The late August heat appeared to mock the people crowded onto Platform One of Pokrovsk’s sprawling railway station. In better days, the waiting train would have hauled them to summer Dachas on the Black Sea or the cooling heights of the Carpathian Mountains in Ukraine's southwest.
Instead, as I watch grim-faced fathers desperately pulling uncomprehending toddlers tight to their chests for a departing cuddle, I realise for many of these families, these are the final moments together they will ever share.
The Russian army, now only six kilometres away, continues its relentless march west in Ukraine’s Donbas region and their city, Pokrovsk, lies directly in its path. Other cities once in this situation, Bakhmut, Avvdika, and Mariupol, are now little more than ghostly shells.
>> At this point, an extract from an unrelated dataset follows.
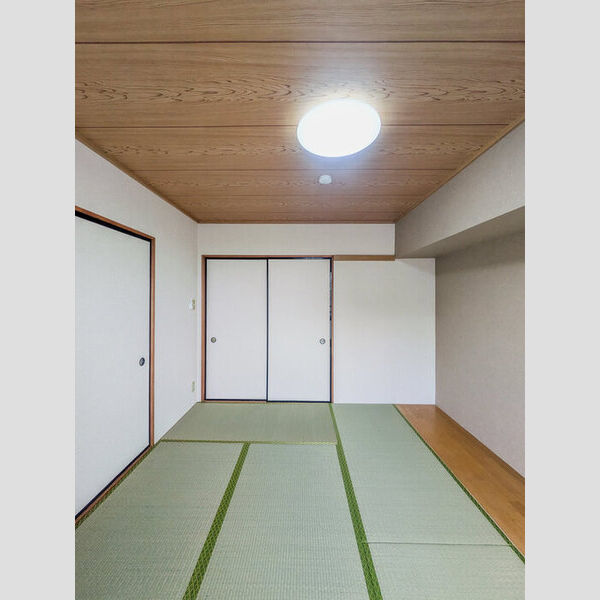 エーコーマンション302号室 和室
The people here understand the fate awaiting their lives.
Arriving at the station, George Llewelyn and I passed large billboards, blank, except for a single word in bold red that reads "EVACUATE." The same word is printed on sheets of A4 paper and stuck to each carriage window.
In the first flushes of young love, teenagers hold each other silently, waiting for the final whistle that will tear them apart, often forever. The young man will fulfil his duty by taking up arms and protecting his city, their home. The young lady will join the millions of other fathers, mothers, wives, and sweethearts in the agonising wait for news from the front.
Artillery shells explode in the near distance, and for a moment, people freeze. Memories of the Russians attacking an evacuation train in Kramatorsk in the early days of the war remain fresh.
Sixty-three souls, including nine children, were killed that day. One hundred fifty-one others were wounded.
As departure time draws closer, the families gather in tighter groups. They hug, touch and caress as if committing the moment to a precious box of memories that they may have to carry through the rest of their lives.
The struggle to maintain a sense of dignity is writ large on their faces, but on the order to board the train for departure, the facade crumbles and the raw emotion of final separation is on full display.
Children cry out for their fathers as distraught mothers struggle to get their kids onto the train. Tiny hands poke through the open slats of the windows. Kisses press against the indifferent glass, and a thousand hearts break as the train wheels imperceptibly rotate. They begin their journey down the well-worn tracks to the mournful tones of a train whistle.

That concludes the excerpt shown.